### EXERCISE DETAILS:
No pictures belong in the copy. Retype exactly, and only, the stretch of lines below from the one with "Warsaw Hostel Centrum" through the one with "Studio, Multiple Beds".
-- SUPPLIED MATERIAL follows --
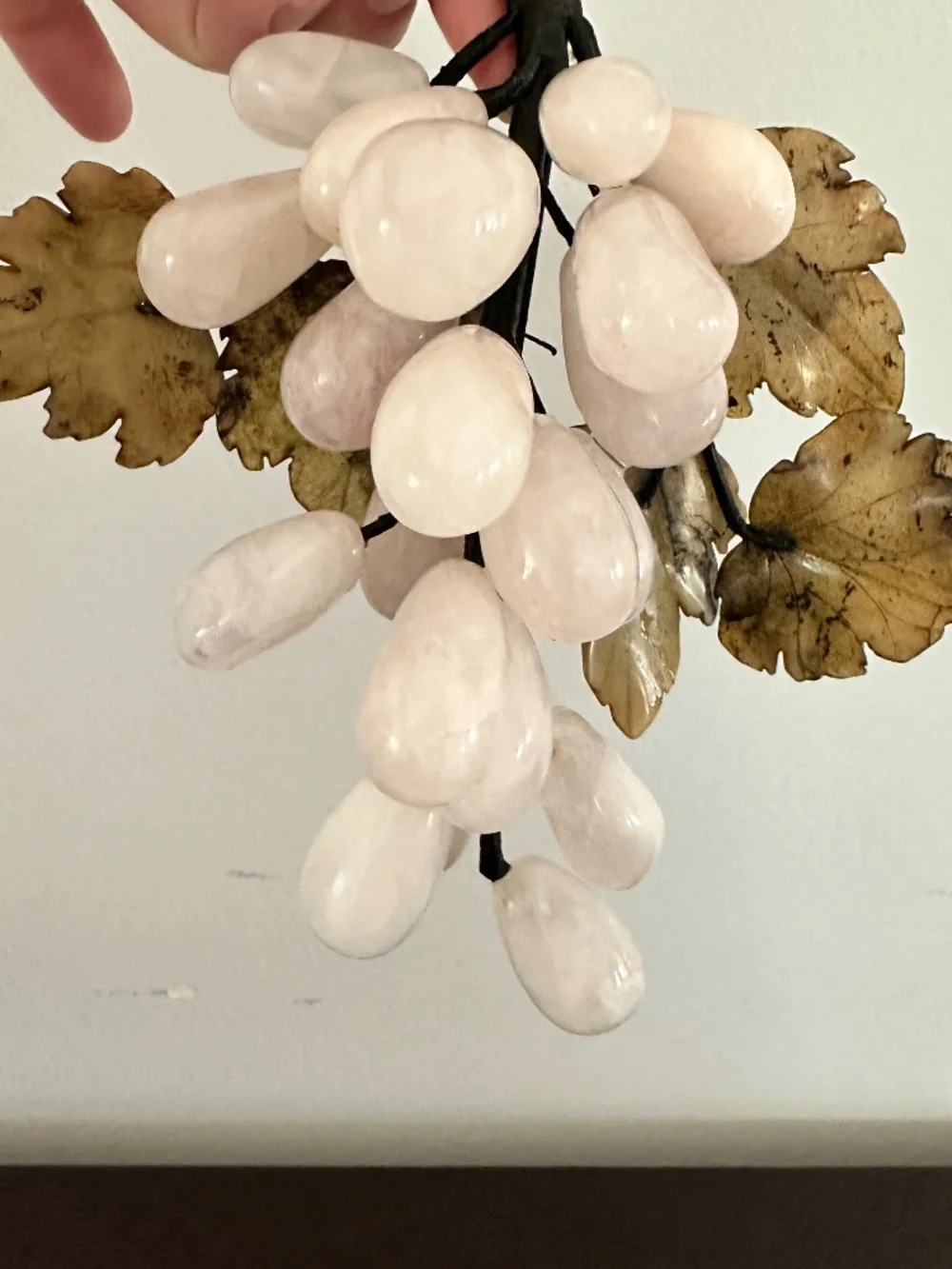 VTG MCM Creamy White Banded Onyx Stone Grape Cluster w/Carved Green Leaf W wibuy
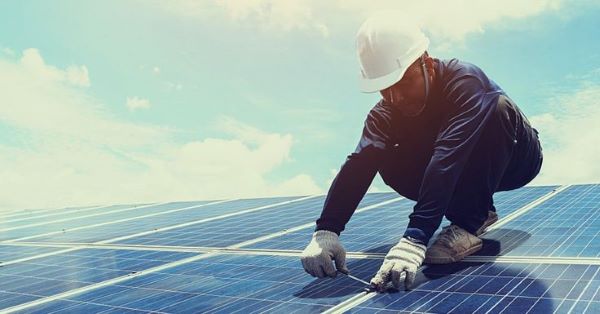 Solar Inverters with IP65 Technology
-- SUPPLIED MATERIAL concluded --
-- SUPPLIED MATERIAL follows --
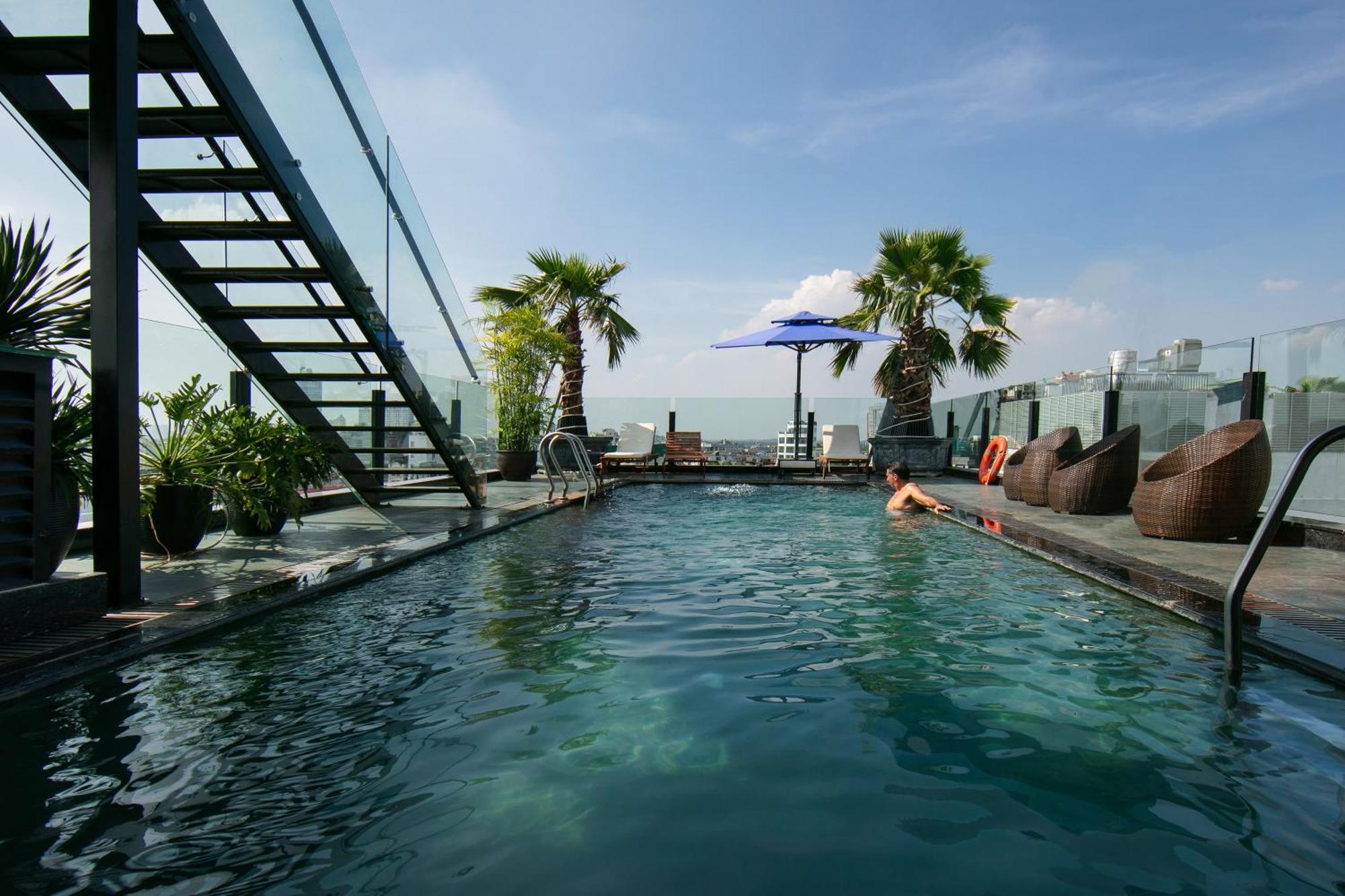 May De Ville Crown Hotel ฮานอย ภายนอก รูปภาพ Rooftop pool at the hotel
-- SUPPLIED MATERIAL concluded --
-- SUPPLIED MATERIAL follows --
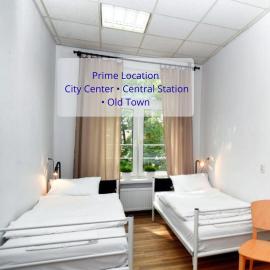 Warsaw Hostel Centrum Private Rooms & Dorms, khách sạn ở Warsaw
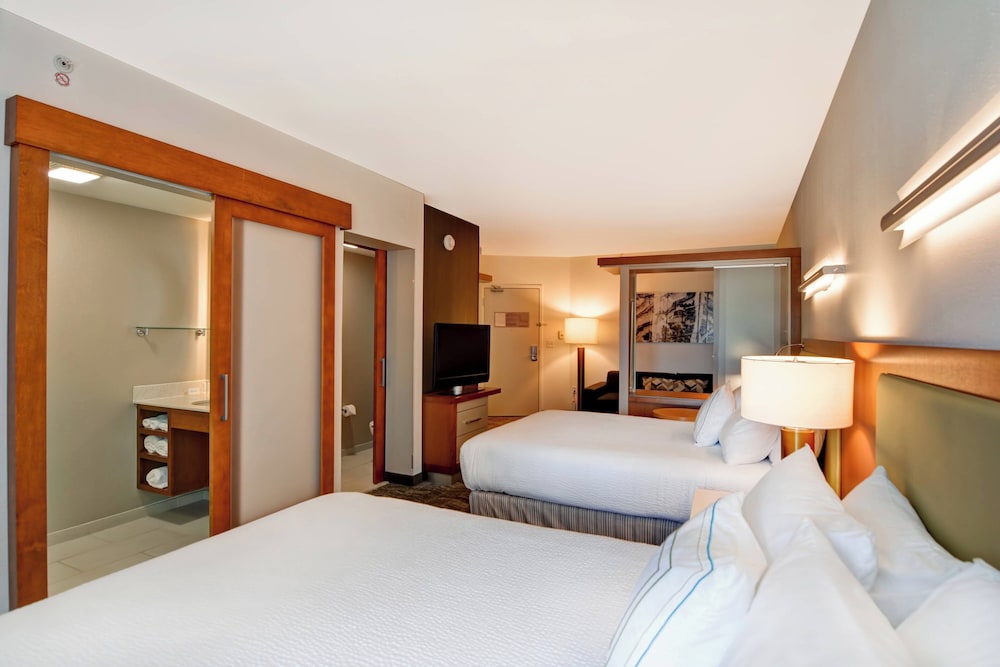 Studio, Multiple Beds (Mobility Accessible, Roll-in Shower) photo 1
-- SUPPLIED MATERIAL concluded --
### EXPECTED ANSWER:
 Warsaw Hostel Centrum Private Rooms & Dorms, khách sạn ở Warsaw
 Studio, Multiple Beds (Mobility Accessible, Roll-in Shower) photo 1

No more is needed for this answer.